Naturally, all the factors together add up to what makes a scenario excellent. Unfortunately, all factors adding up together can lead to the nightmare of scenario designers-scope creep. The fear of being overcome by creep, together with the previously mentioned computer limitations, makes me make my scenarios small and frequently improvised.

In many cases, such small scenarios are satisfying. But of course I dream of bigger scenarios, including one very frustrating project that I hope to see but have so much trouble making. That scenario is tentatively titled “Rollback”, and is based off of alternative plans for the Iraq War that would feature a native opposition doing the ground fighting while American airpower flattened Saddam’s army. (In real life it was a hopeless pipe dream).
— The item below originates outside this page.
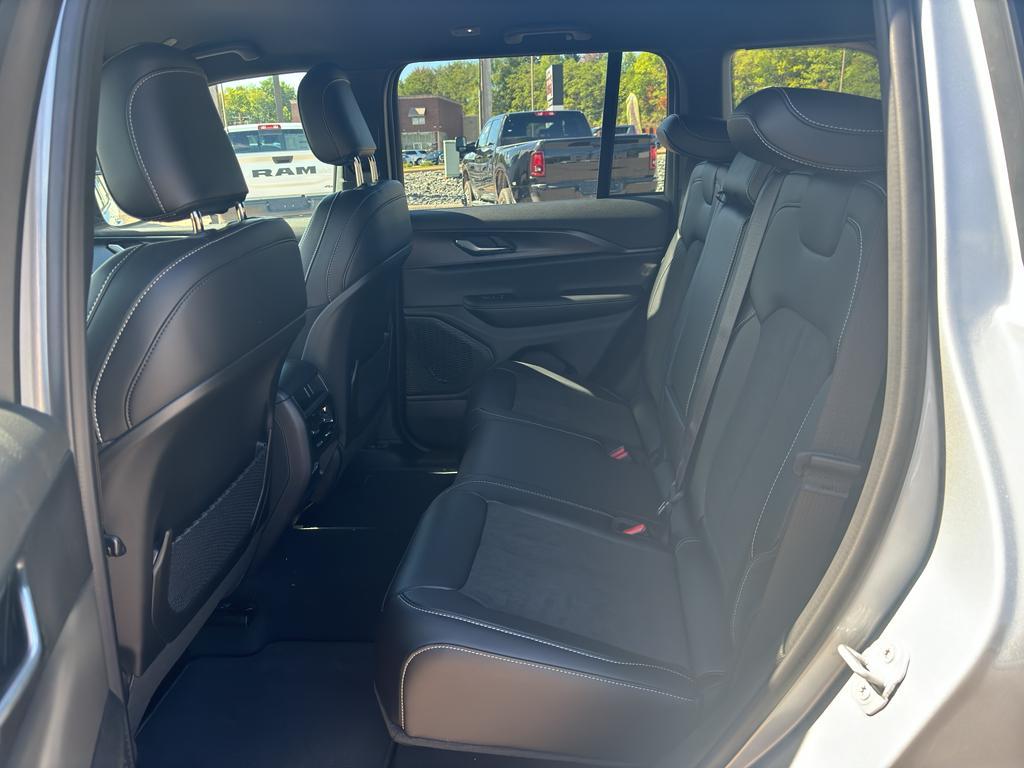 new 2025 Jeep Grand Cherokee car, priced at $46,528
Some of it is just time constraints, but some of Rollback doesn’t feel “right”. A ground element involving the basic land AI? Do you make the Iraqis a historically strong or historically weaker? What’s the right balance between either too tough or too boring? Even though it appeals to me in theory, in practice it’s become more frustrating, to the point where I may just do a similar “style” scenario in a different locale that I feel more comfortable in. Other scenario authors have broken too-large games into smaller, more focused scenarios, and Rollback may very well meet a similar fate.

Command’s scenario authors have taken advantage of the simulation’s power to offer a variety of games. However, if I had to offer an opinion for a feature that was underutilized, it would be political restrictions. Political restrictions have always been a part of warfare, and Command offers more potential for realizing them than either I personally or other scenario authors have taken advantage of (yet).

Even this is a small complaint. Command’s scenario potential is very good and has been fulfilled very well. A good scenario should make the player feel like they’re experiencing more than just a well-done simulation, and there are ones in the game that accomplish this with great effectiveness.